Revista feita na Penitenciária Bandeira Stampa
Revista feita na Penitenciária Bandeira Stampa
Rafael Soares

Investigações da Polícia Civil revelam que milicianos de diferentes partes do estado fazem acordos dentro da Penitenciária Bandeira Stampa para ampliar seus domínios. No presídio, que faz parte do Complexo de Gericinó, convivem detentos acusados de integrar milícias das zonas Norte e Oeste do Rio, da Baixada Fluminense, de São Gonçalo e de Maricá, na Região Metropolitana. Mensagens encontradas em celulares de criminosos e escutas telefônicas mostram que já partiram, da unidade, ordens para o início de cobrança de taxas em diversos locais e até para chacinas.

Uma das tramas descobertas pela polícia foi a de Anderson Cabral Pereira, o Sassa, chefe da milícia do Porto Novo, em São Gonçalo, para dominar Maricá entre 2017 e 2018. De acordo com uma denúncia do Ministério Público enviada à Justiça em setembro de 2018, escutas revelaram que Sassa cooptou um colega de cela em Bangu para tentar estender seus domínios.

À época, Luiz Carlos Pereira de Melo, o R6, que compartilhava cela com Sassa, estava prestes a sair da cadeia. Acusado de ser chefe da milícia de Maricá, o sargento PM Wainer Teixeira, estava preso acusado de receber propina de traficantes na Unidade Prisional da PM. Sassa viu uma chance de preencher o vácuo de poder.

Detentp dorme em cima de celular no Bandeira Stampa
Detentp dorme em cima de celular no Bandeira Stampa

Após sair da cadeia, R6 chegou a ir para Maricá, mas o plano de Sassa deu errado: Wainer foi beneficiado com a prisão domiciliar e voltou ao município, impedindo o rival de entrar em seus domínios.

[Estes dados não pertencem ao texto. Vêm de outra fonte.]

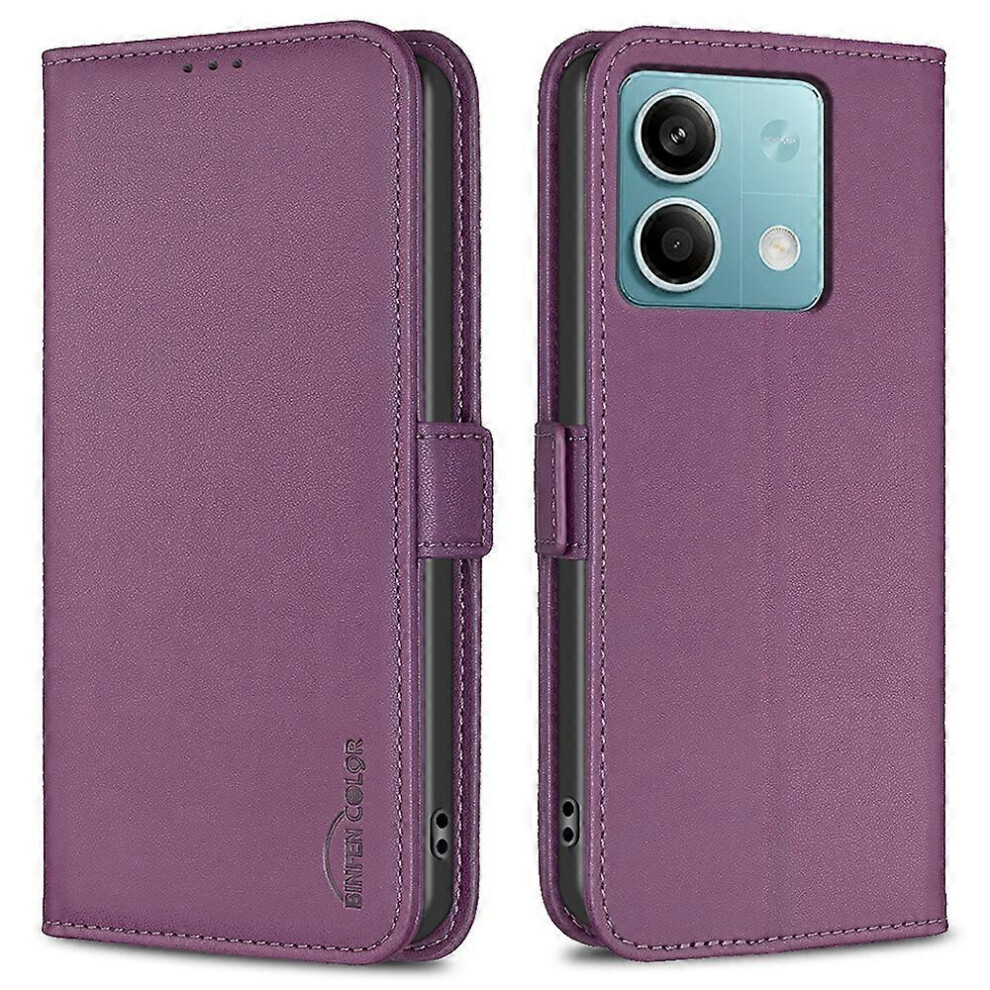 Bf31 For Xiaomi Redmi Note 13 5G Wallet Case Leather Phone Cover Stand 6499630148659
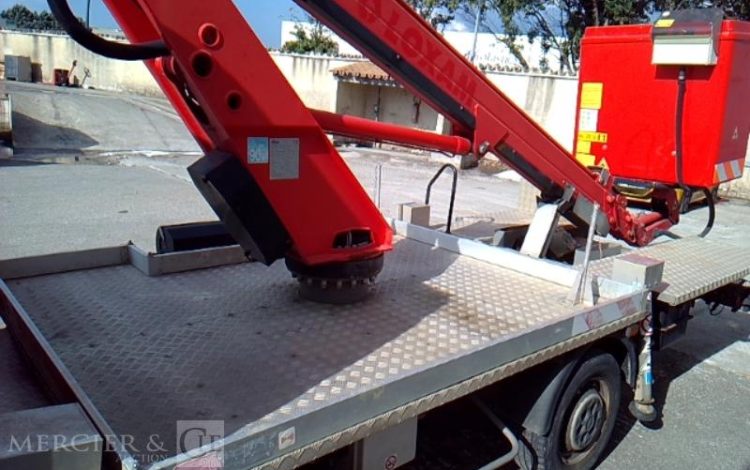 GSR 35S12 AVEC NACELLE GSR 169TR 16M  EL-603-PY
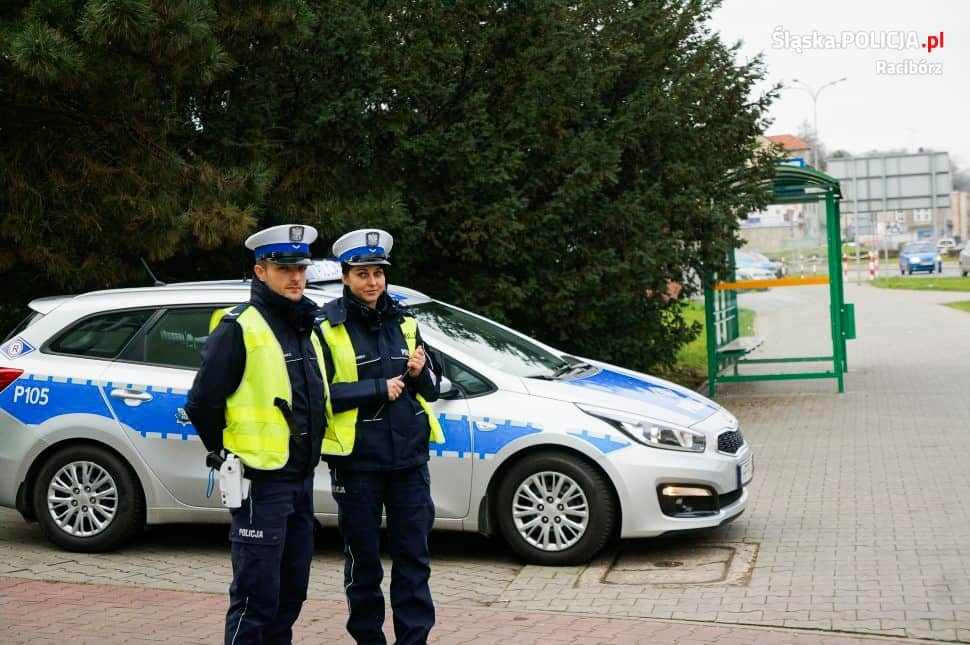 Policjanci z powiatu raciborskiego zadbają o bezpieczeństwo pieszych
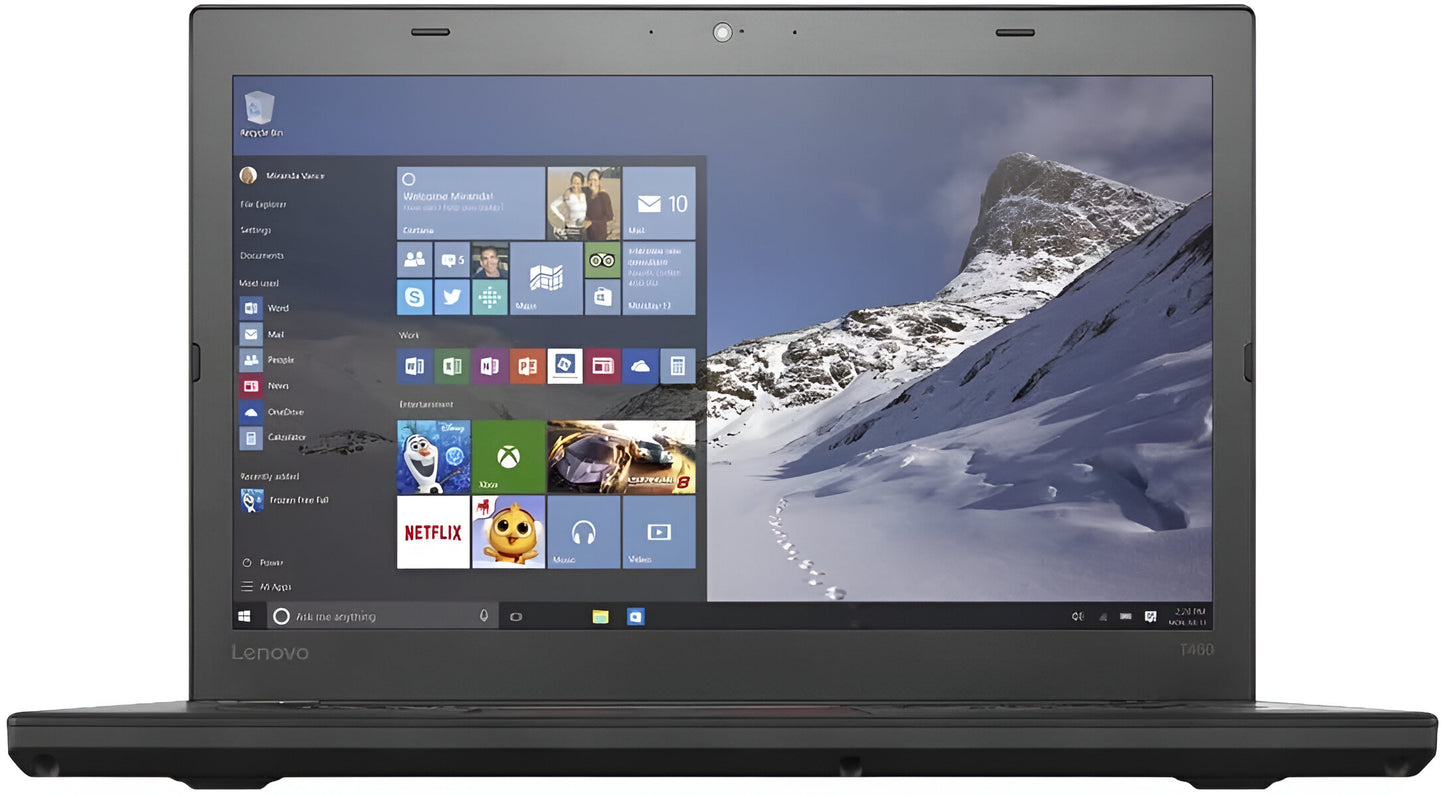 Laptop Lenovo Thinkpad T460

A investigação também descobriu que o miliciano ordenou, de dentro do Bandeira Stampa, duas chacinas entre maio e julho em São Gonçalo, em que seis pessoas morreram e mais de dez ficaram feridas em áreas dominadas por bandos rivais. Na primeira delas, quando homens saíram de um carro e atiraram em direção a 50 pessoas que confraternizavam num bar ao lado de um campo, Sassa mandou outros detentos que estavam na mesma galeria do presídio assistirem às reportagens na televisão, porque ele havia ordenado o ataque.

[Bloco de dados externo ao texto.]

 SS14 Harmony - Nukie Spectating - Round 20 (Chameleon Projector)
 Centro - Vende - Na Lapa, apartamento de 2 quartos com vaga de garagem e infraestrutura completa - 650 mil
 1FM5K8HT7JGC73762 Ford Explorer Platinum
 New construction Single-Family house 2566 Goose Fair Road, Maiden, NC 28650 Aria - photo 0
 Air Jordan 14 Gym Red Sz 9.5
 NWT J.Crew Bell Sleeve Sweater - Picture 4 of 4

Inspetores integram esquema

Para manter contato com o exterior, milicianos também contam com a cumplicidade de agentes penitenciários. A Polícia Civil interceptou uma ligação telefônica entre Anderson Pereira, o Sassa, e um servidor. Na conversa, o criminoso explica que quer transferir um preso da Cadeia Pública Patrícia Acioli, em São Gonçalo, para o Bandeira Stampa. O servidor, chamado de “Tiquinho” pelo miliciano, respondeu que “a transferência custaria R$ 3 mil”.

Celulares apreendidos no Bandeira Stampa em abril do ano passado
Celulares apreendidos no Bandeira Stampa em abril do ano passado Foto: Divulgação

Outro inquérito, que terminou com a prisão de três agentes penitenciários em julho de 2018, revela que alguns servidores que trabalhavam no Bandeira Stampa também eram integrantes da milícia. O agente Adalberto Braz Correa Júnior, um dos presos, é acusado de ser o responsável pela extorsão de comerciantes na região central de Campo Grande. Já os inspetores Leandro César Pires Gonçalves e Émerson dos Santos Lopes são apontados como os responsáveis pela entrada de drogas, armas, anabolizantes e cigarros contrabandeados na unidade que abriga milicianos.

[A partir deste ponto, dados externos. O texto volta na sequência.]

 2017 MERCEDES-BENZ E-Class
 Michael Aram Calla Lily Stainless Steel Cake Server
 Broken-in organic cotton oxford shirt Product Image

Ao longo da investigação, mensagens encontradas em três celulares dentro de uma cela do presídio revelaram que os paramilitares presos recebem informações sobre a ação de bandos rivais nas áreas que controlam e determinam contra-ataques. Numa das mensagens, o preso ordena ao interlocutor que retire uma boca de fumo instalada em Campo Grande e execute os responsáveis. Os milicianos sequer escondem os aparelhos: uma foto que faz parte do inquérito mostra um integrante do grupo dormindo em sua cama dentro de uma cela com um celular conectado ao carregador na tomada ao lado.

‘Franquias’ na Baixada

Para o promotor Luiz Antônio Ayres, que investiga a atuação da milícia na Zona Oeste, grupos paramilitares “aprenderam” a conviver harmonicamente nos presídios. Segundo ele, o estado precisa estar atento às alianças entre quadrilhas que antes eram rivais.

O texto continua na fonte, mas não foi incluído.